The next morning we got a glimpse of what those kids would probably become in our Tanisha Tour Guide, Daniel. He pulled up to our dock at 8:00 instead of the standard 9:00 because, he said, you see the best animals before everyone else gets in and scares them all away. We headed straight out to Hol Chan, the premier spot on the reef for snorkeling. This was my first time snorkeling – Christine has been since she was a kid – and it almost wasn’t even my first time when a shark swam leisurely under our boat as Daniel was explaining how to use the equipment. For some reason this excited him and Christine.
It all became clear, though, the first time I looked under the water – a huge school of horse-eyed jacks had parked themselves leisurely under our boat and were already playing chicken with our appendages, and a big terrapin was sidling along the bottom eating seaweed. As we went further, we saw that shark, some eels, a whole fleet of leopard rays, and many other things I can’t even name, although Daniel tried to find them all in his reef wildlife book once we got back on the boat. Unfortunately we had to get in the boat an hour or so earlier than expected, as I got sick from swallowing so much saltwater. Both Christine and Daniel tried to assuage my shame, but I was marked for that trip as the designated landlubber.
The following morning was my chance to redeem myself – fishing. As our guide Tony and his son helped us onto the boat, I told him about growing up catching catfish on the Wakarusa River in Kansas. He asked how big they got – I told him some got into the near-100-pound range, but the biggest I’d caught as 35. “Oh yeah?” he said, “I guess we’ll have to spend some time trolling for barracuda then.”
We spent the first hour catching bait, following pelicans that were diving for sardines and netting our share to cut up for use on the reef and keep live to troll for barracuda. Trolling on our way out to the reef, Christine caught the first, a 2-pound barracuda we’d later have for lunch. Once we got to a channel by the reef, we anchored and threw sardine chunks out. It was like fishing in a bucket, really – it seemed like every cast brought a different kind of fish out – porgies, snapper, grouper, parrotfish, and quite a few I couldn’t name, including one that snapped my line when I tried to get cute with the drag. But the best was Christine’s, toward the end of our day – a 12-pound barracuda she spent a good 15 minutes pulling in after we started trolling beyond the reef. Long and shiny, it looked like a sword fighting down below the surface of the clear blue water. When she finally got it in, the guide told us, “Thanks guys, I’ll be eating good tonight!”
We did give him that one, and in exchange he filleted 2 parrotfish, 2 grouper, and the smaller barracuda. While he was filleting them on our dock, a group of pelicans were circling above us. “We have a saying here in Belize,” Tony told me as I watched them warily, “Never look up with your mouth open.” We then took the bounty to our cabana bar, where they grilled them in garlic butter for us.

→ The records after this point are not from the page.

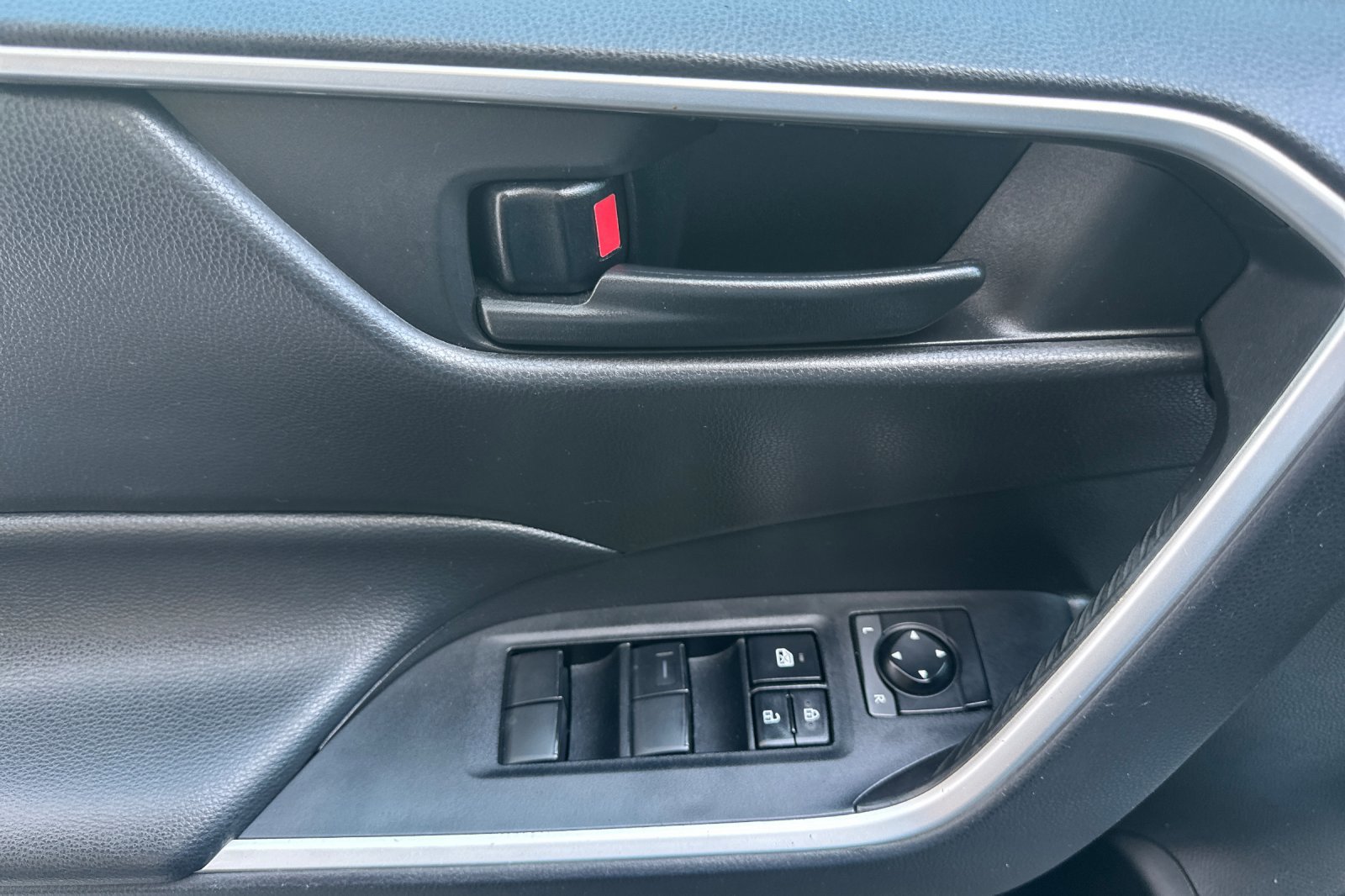 Used 2022 Toyota RAV4 LE image 11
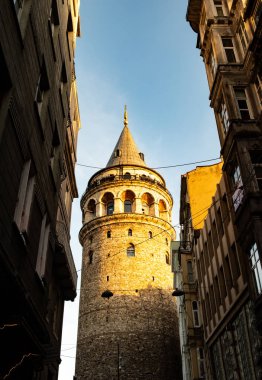 Galata Kulesi ve eski şehir Istanbul 'un, Türkiye'de sokak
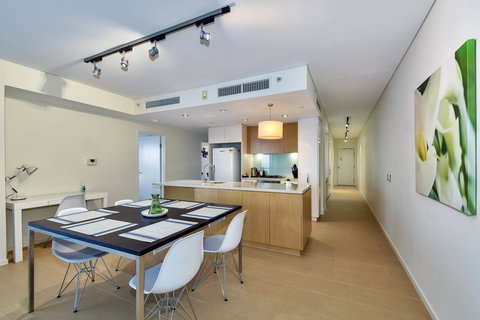 Astra Apartments Darwin - Holiday Adelaide 3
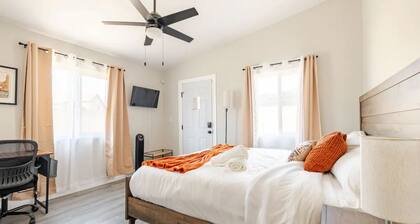 Private Gated Studio - King Bed - Near Hospitals, UCR & MARB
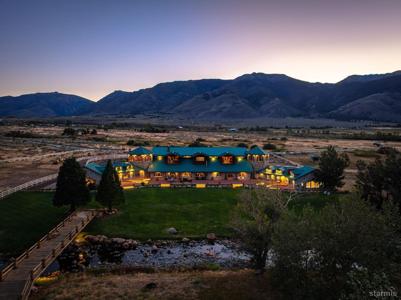 827 River Ranch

It was maybe the best meal we had in Belize.
Perhaps the most pleasant generalization I could make about Belize is that things seem to happen so organically. Our experience was that we met a few people, they told us about a few cool things to do, and the people we did those things with told us about other cool things we should check out on the island. The nurses told us about George’s and Tanisha Tours, the guys at Tanisha, told us about a DandE's Frozen Custard, and the lady who owned DandE’s told us we needed to have dinner at Hidden Treasure, which was so well hidden we never would have thought to look for it much less found it without the advice. The coolest thing about this is that I’m convinced, even though we loved our experience in Belize, we could come another time, do entirely different things at different places, and have just as much fun.

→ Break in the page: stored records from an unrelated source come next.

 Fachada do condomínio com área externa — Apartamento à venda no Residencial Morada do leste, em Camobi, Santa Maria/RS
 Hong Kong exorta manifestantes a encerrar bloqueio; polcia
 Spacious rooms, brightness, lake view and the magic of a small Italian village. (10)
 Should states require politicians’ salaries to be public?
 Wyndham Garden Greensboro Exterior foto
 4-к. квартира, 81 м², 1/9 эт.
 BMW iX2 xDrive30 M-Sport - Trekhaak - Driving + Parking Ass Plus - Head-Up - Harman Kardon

By our last full day there we were both thoroughly burnt so we kept it simple, walking up and down the beach, stopping for a drink at various seaside bars, reading in the shade, snorkeling off the ends of docks – a lot less to see, but at least I didn’t get sick – and towards the end of the day we rode our bikes down the main rode south from our cabin – the “town” is north – to see what was there. We rode about 5 miles down the rode, and it got progressively dustier and smellier, until Christine mentioned that the smell was kind of a burnt, trashy smell. It wasn’t long before we saw the piles of burning trash. Hey, I guess island garbage has to go somewhere.

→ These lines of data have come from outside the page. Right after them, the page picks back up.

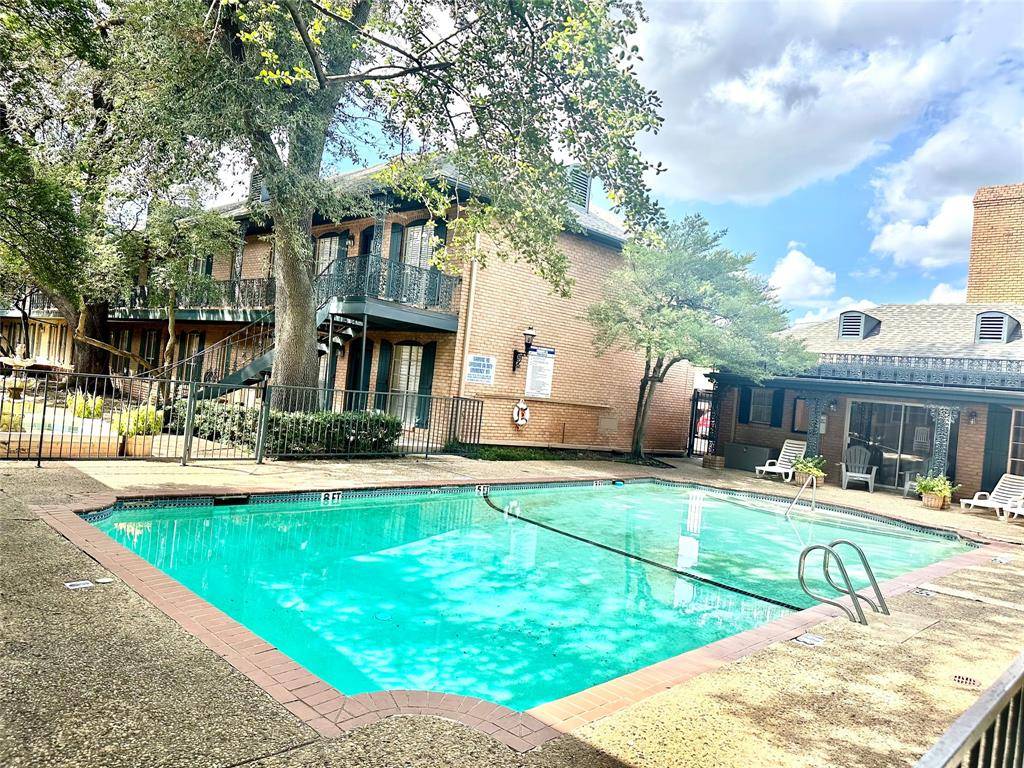 6023 E University Boulevard #204, Dallas, TX 75206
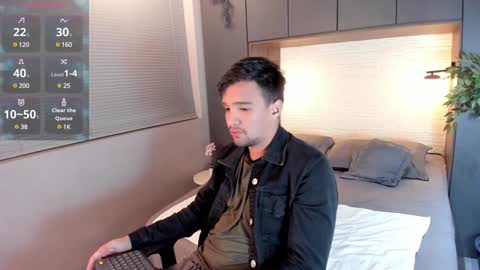 Snapshot of edward_maxx chatting on January 16, 3:34 am Eduardo online show from January 16, 3:34 am
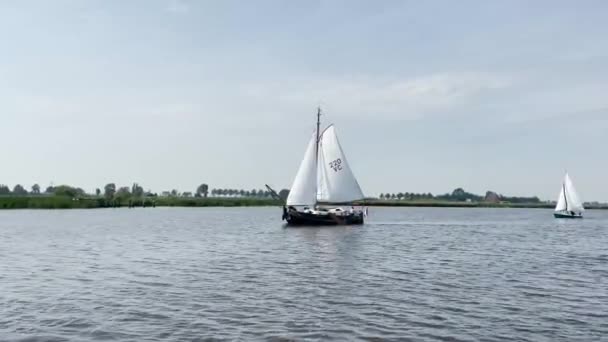 Zeilen Een Kanaal Friesland — Stockvideo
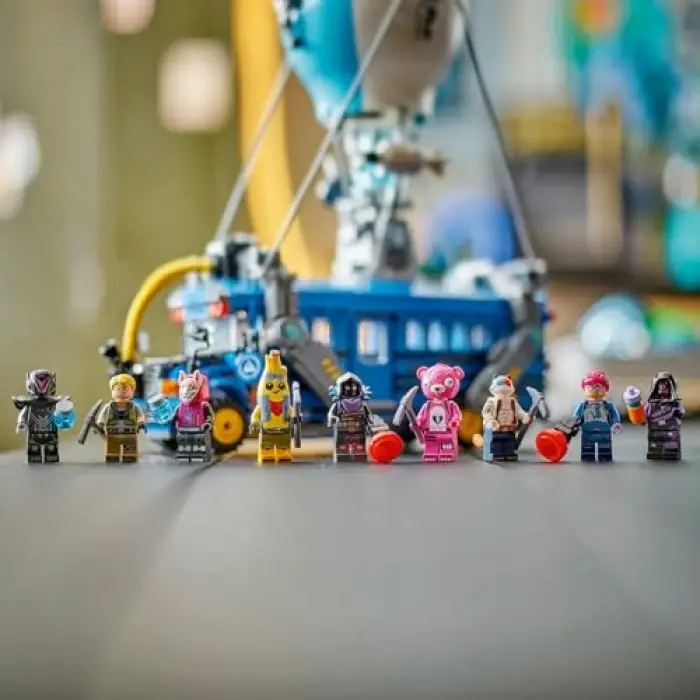 Fortnite Savaş Otobüsü Yapım Seti 77073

A couple blocks before we got back to the hotel, we stopped at the lone freshwater lake on the island. Christine swore she saw an alligator, and sure enough when we got to the water’s edge there was a huge scaly back and two eyes that reminded me of Pitfall. “Hey guys,” a group of kids called from behind us, “Wanna sponsor a chicken?” The deal they proposed was that the chicken we “sponsored” would be tied to a rope and thrown into the water, giving a show when the gators – or, if we were lucky, Diablo himself, king of the island gators – descended upon it. We rode off quickly, not asking if they chickens were live or dead.
That night we went to dinner at Hidden Treasure Restaurant . It was some of the best advice we got, rivaling our fresh-caught fish for the best meal we had there. The ambience was very cool as well – you really had to go out of your way to get there, and when we did it was like entering a little open-air paradise, with gas lamps and waiters who actually wore shoes. (Not that we did.)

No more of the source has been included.